In this blog we will focus on software documentation, namely the documentation produced by teams and individuals involved in defining and developing software (architects and developers). There are other complementing types of documentation like requirements, business analysis, etc which we will not be focusing on.
How many times we jump into an existing active project or take on maintenance of “legacy” software, only to find out that documentation is either missing or not sufficient.
This is unfortunately a very common experience for many development teams. Why is this happening? There are a few reasons:
- The pace of software development is constantly increasing to respond to more and more complex market demands. Activities deemed as “non-essential” like documentation and sometimes even testing(sic!) are brushed aside in favor of increasing output of features.

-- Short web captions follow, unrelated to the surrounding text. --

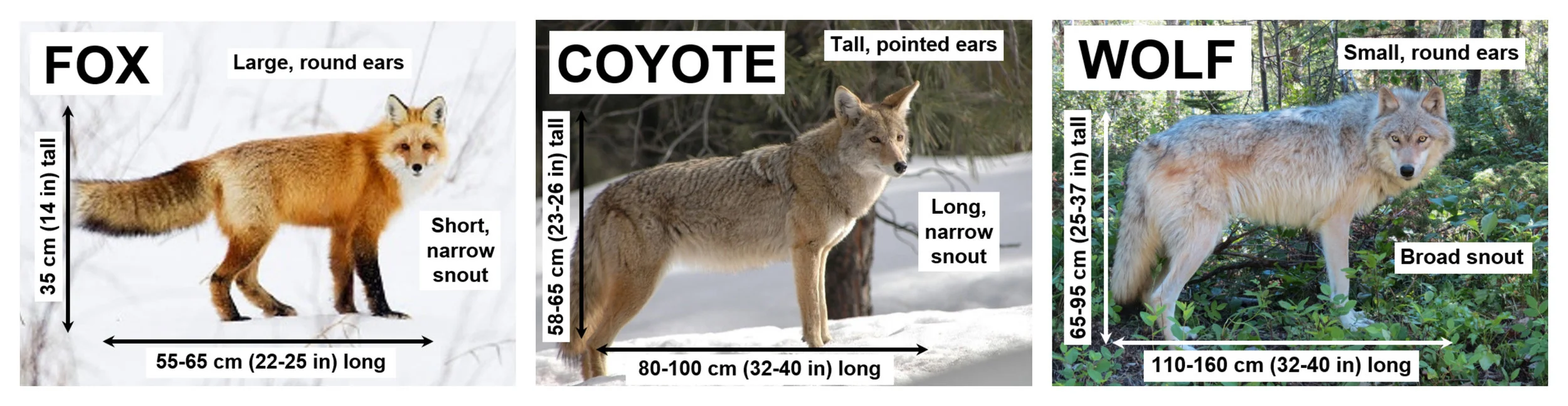 Fox: Gerald Romanchuk, Coyote: Public Domain, Wolf: Stephanie Weizenbach, Source for Measurements: Animal Tracks of Alberta 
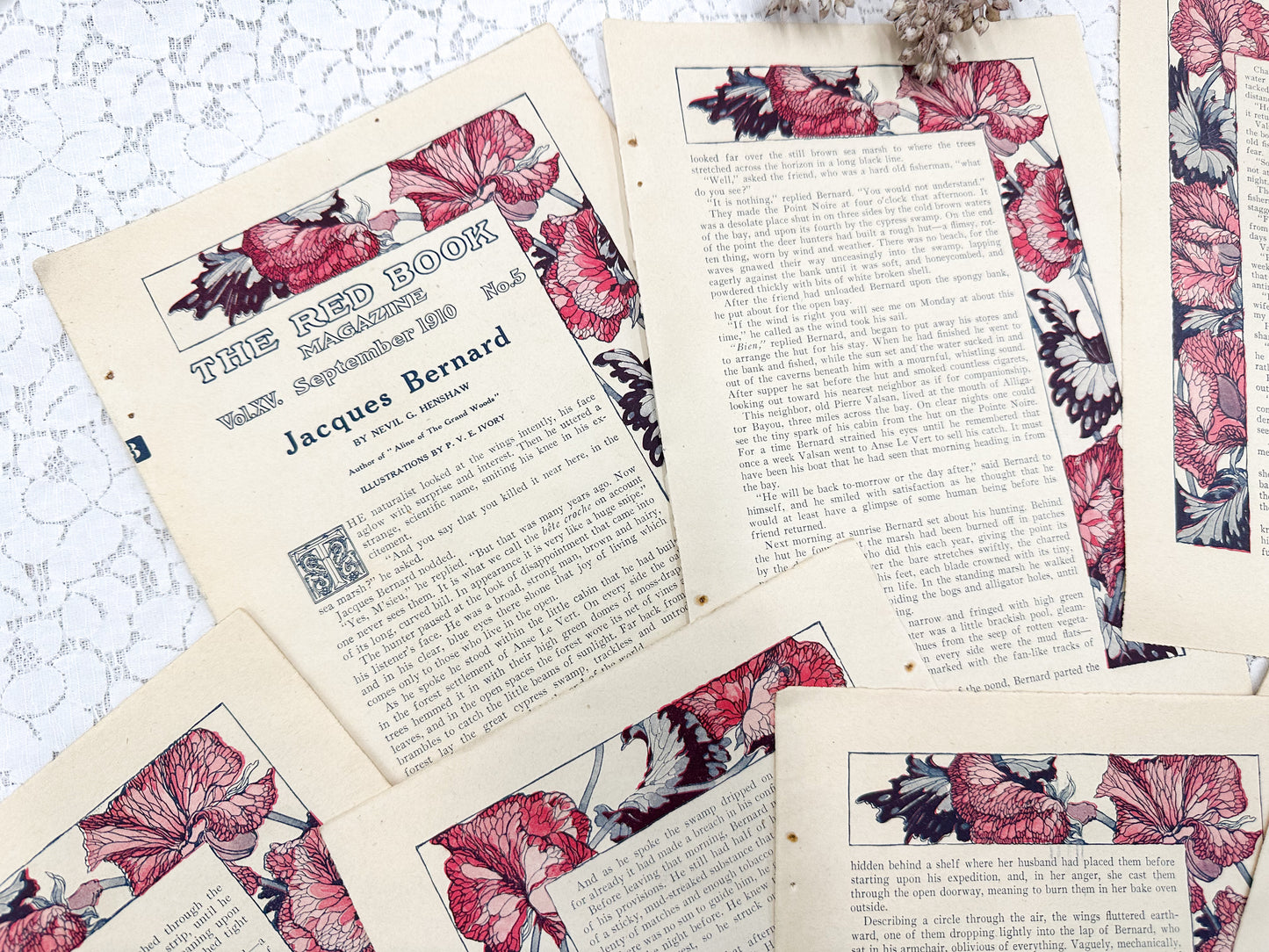 Harper's Bizarre- Red Book Pages (Set of 8)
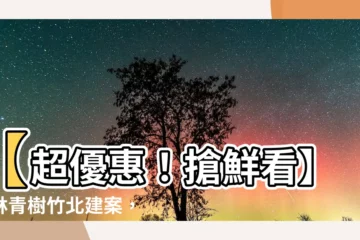 【椰林青樹】【超優惠！搶鮮看】椰林青樹竹北建案，入住尊榮環境！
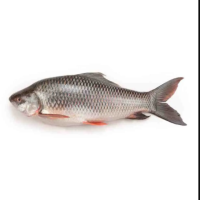 Ruhi Fish Deshi 1.5 kg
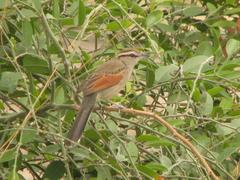Tchagra australis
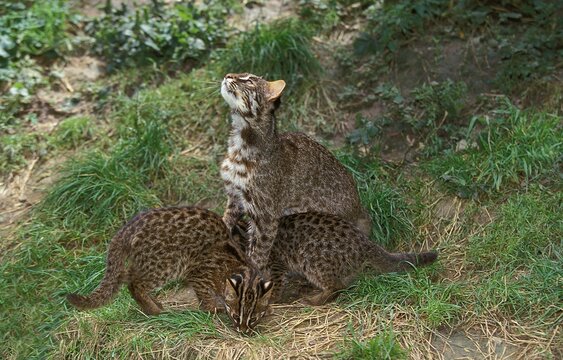 Leopard Cat, prionailurus bengalensis, Female with Cub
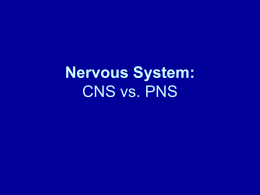 Nervous System: CNS vs. PNS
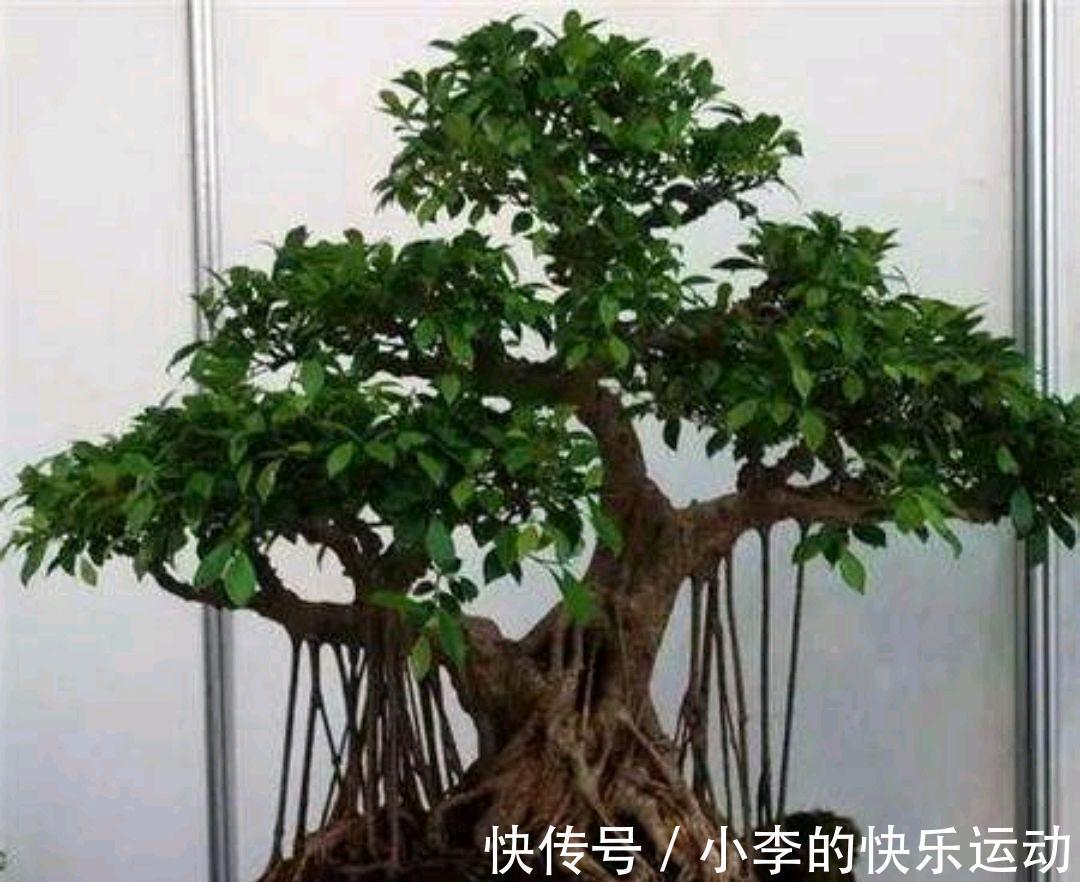 要想榕树盆景美,几点管理耍起来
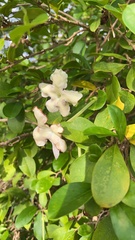 Echites umbellatus, photograph Jennifer Schultz, CC0, iNaturalist via GBIF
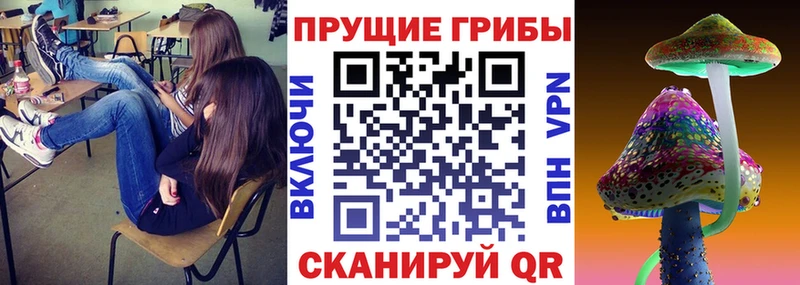 Псилоцибиновые грибы мицелий  даркнет сайт  Севастополь 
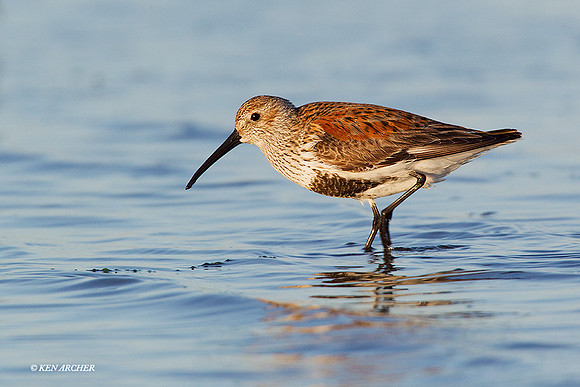 DN00410 - Dunlin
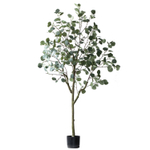 Эвкалипт 156 см.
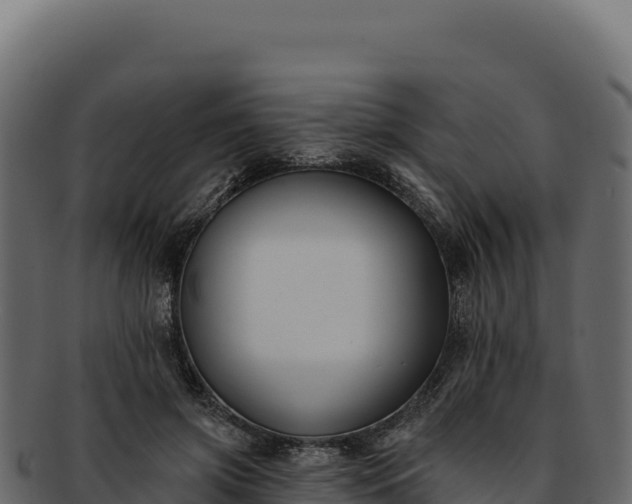 X0000092300549200710041449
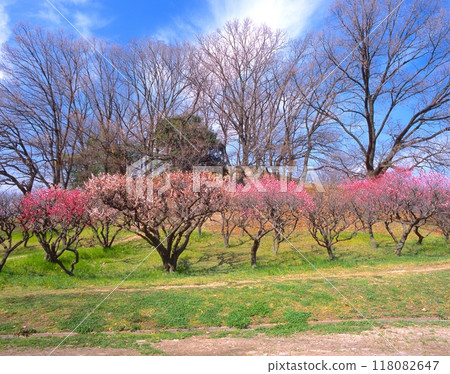 "Historic Site" Plum Grove in Full Bloom at Komuroyama Burial Mounds / World Heritage Site (Osaka Summer Siege, Battlefield of Domyoji, Sanada Daisuke Camp Site) "Historic Site" Plum Grove in Full Bloom at Komuroyama Burial Mounds / World Heritage Site (Osaka Summer Siege, Battlefield of Domyoji, Sanada Daisuke Camp Site) 118082647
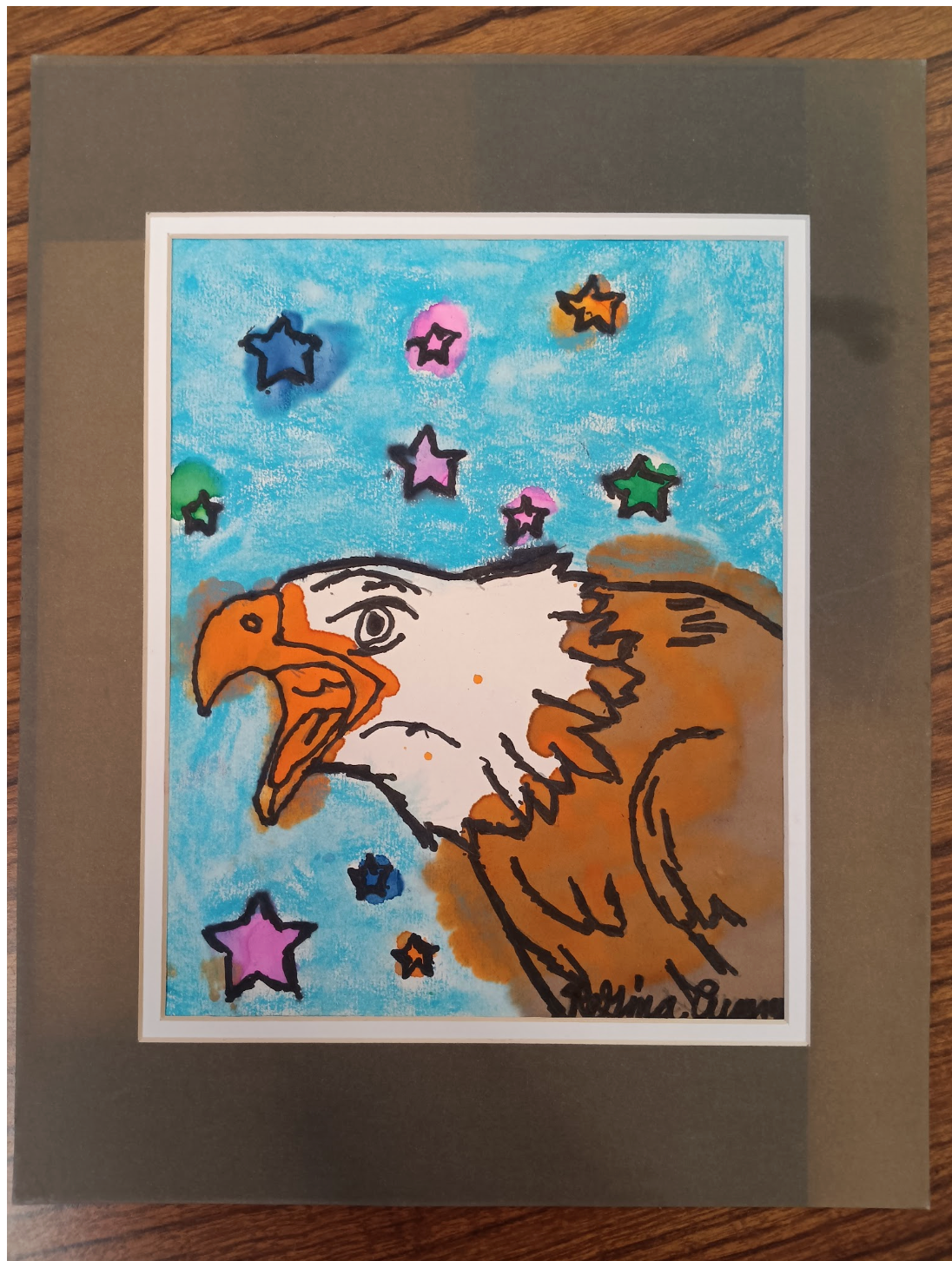 Bald Eagle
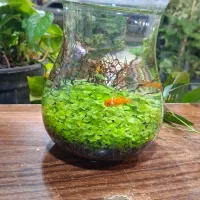 تراریوم زیبای زینتی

- Documentation is hard to maintain over time as more complex software leads to more complex documentation.
- Diagrams and drawings tend to be very brittle and as software evolves, they too became outdated.
- Developing documentation is also well … boring, most developers prefer to focus on interesting features, improving efficiency, coding.
Software documentation goals
Knowing all the effort and time required to address the above points, let’s ask ourselves: why even bother? Why is software documentation important? Good documentation plays critical role in following scenarios:
- Onboarding of new team members. Every time new developer joins the team, good documentation will help in fast orientation and will not require extensive time investment from other team members to teach good fundamental level of the project knowledge.
- Regulatory requirements and audit. If the software you are developing must undergo external or internal audits or is influenced by any regulatory requirements, then good documentation makes it much easier to work with auditors. Sometimes documentation is even a strict requirement for audit.
- Communication with all stakeholders. Good documentation enables all types of stakeholders to understand software in the context they are interested in. If documentation takes into consideration different types of stakeholders and carefully adjusts wording to be less or more technical, then it saves the team a lot of time otherwise spent on explaining and translating software system properties to everyone.
Software documentation characteristics
Let’s define desired characteristics of software documentation to fit into modern, rapid pace of development.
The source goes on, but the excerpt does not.